▶ WORK TASK: In the reply, give back exactly the lines from the one with "Pantalons en tissu" through the last line of the records, without pictures.

▶ DATA SHOWN:
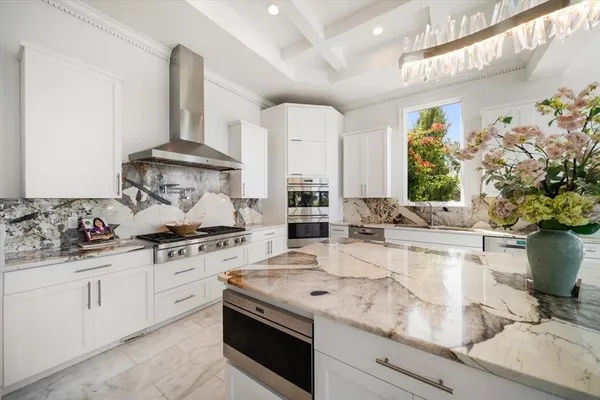 a kitchen with stainless steel appliances white cabinets and a stove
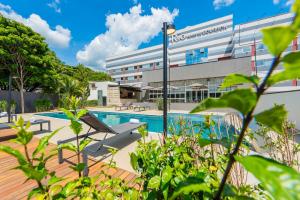 a view of a hospital building with a swimming pool at Rio Hotel by Bourbon Indaiatuba in Indaiatuba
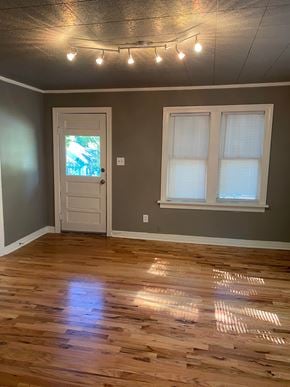 Tulsa house for rent - an empty living room with wooden floors and a white door
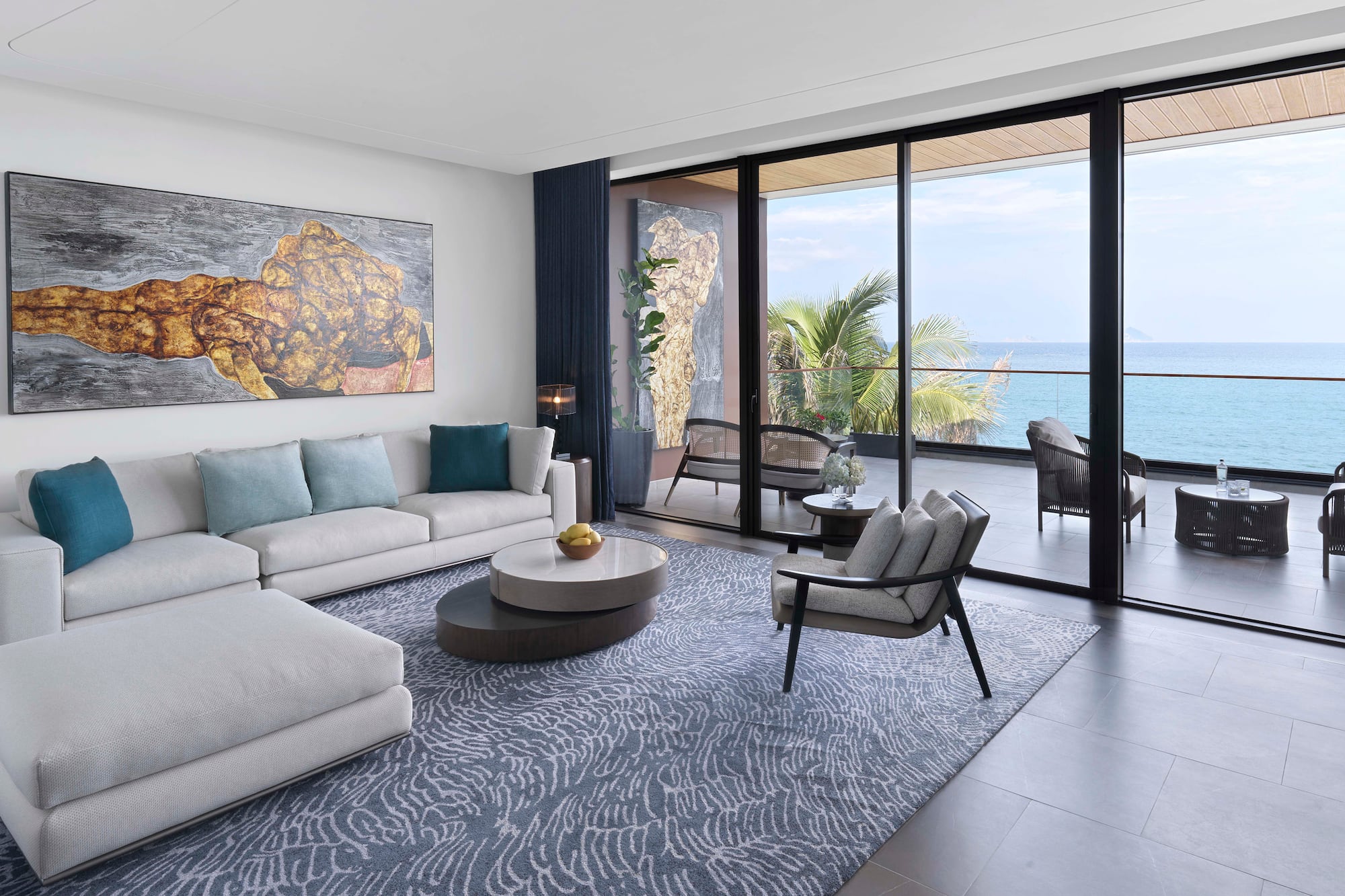 a living room with a large glass door and a large couch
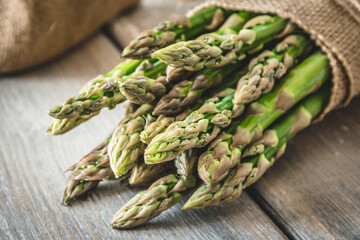 Green asparagus on a rustic wooden table
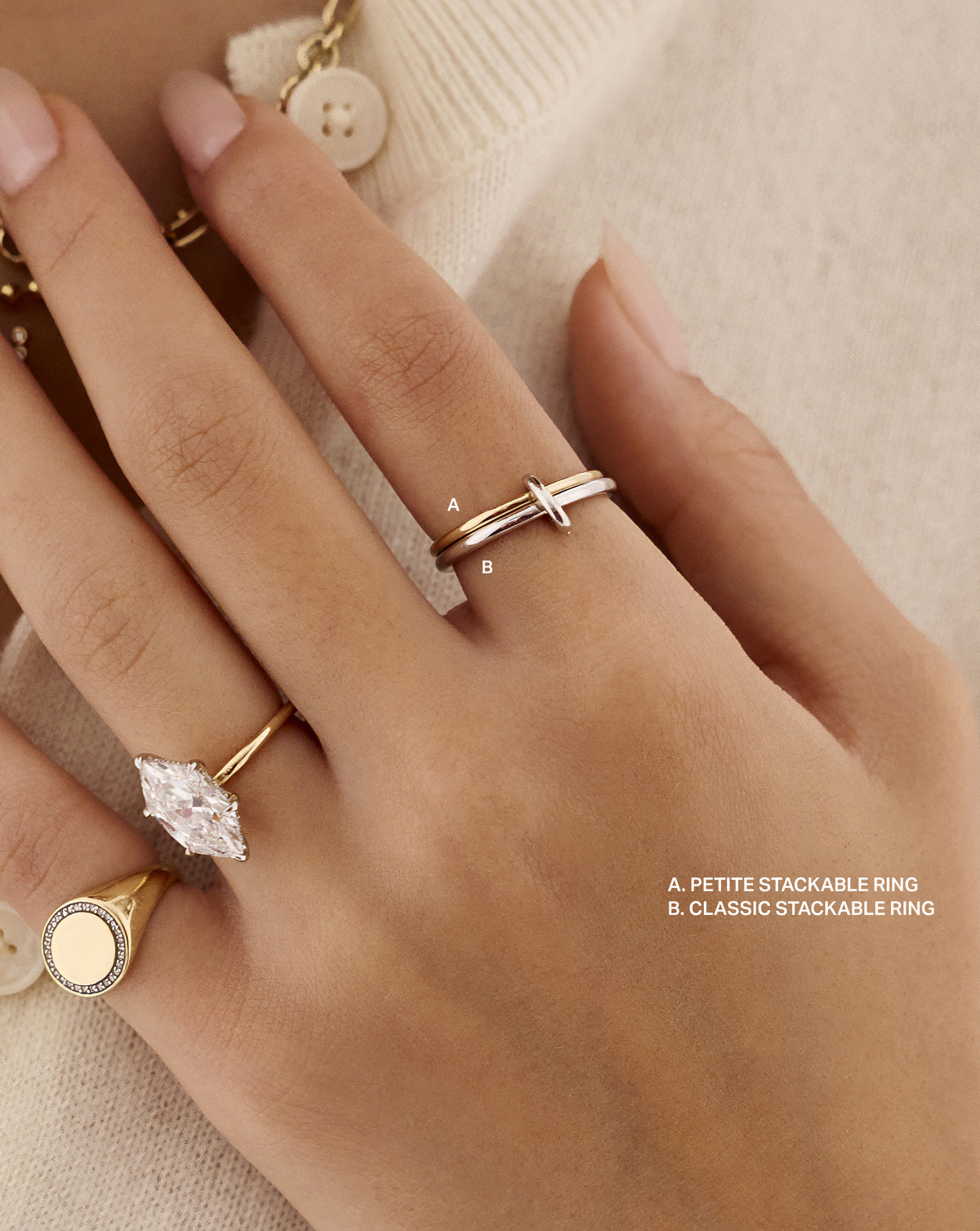 Close-up of a hand wearing the Petite Stackable Ring (A) and Classic Stackable Ring (B), linked by an oval clasp and styled with marquise diamond and round signet rings. 14k yellow gold Sterling Silver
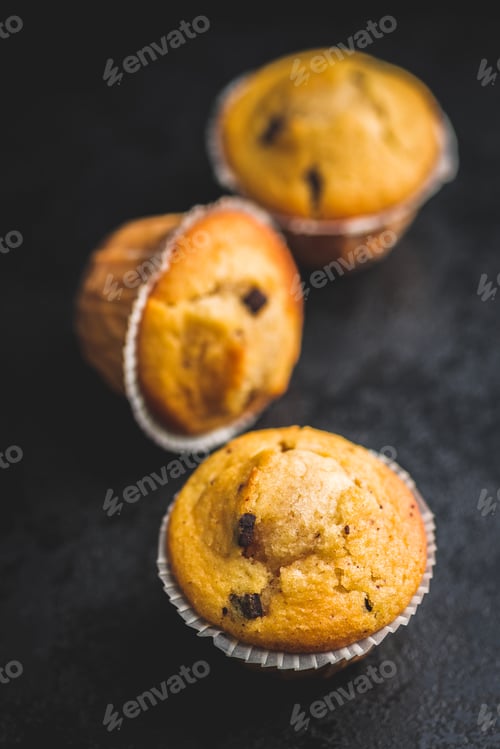 Preview: Sweet vanilla muffins on black table.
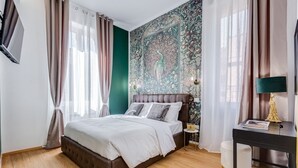 Un dormitorio con cama, mesita de noche, lámpara y un muro con un mural detallado.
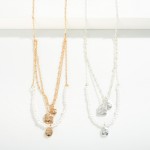 Chain Link Necklace Featuring Layered Detailing With Pearl Beads and Geometric Pendants

- Approximately 16" L
- Extender 3" L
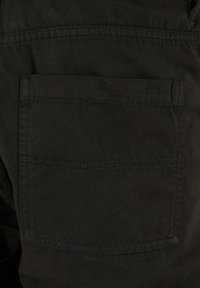 Pantalons en tissu noir avec une poche arrière unique dotée de détails de couture visibles. La texture semble lisse avec une finition mate.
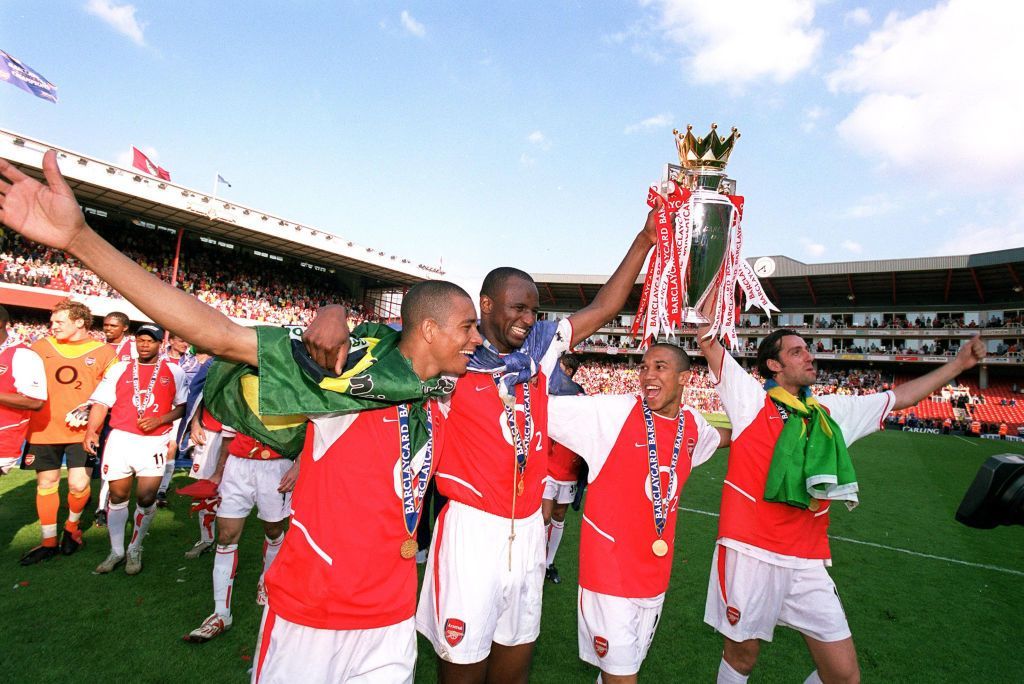 Arsenal captain Patrick Vieira lifts the Premier League trophy aloft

▶ EXERCISE RESULT:
 Pantalons en tissu noir avec une poche arrière unique dotée de détails de couture visibles. La texture semble lisse avec une finition mate.
 Arsenal captain Patrick Vieira lifts the Premier League trophy aloft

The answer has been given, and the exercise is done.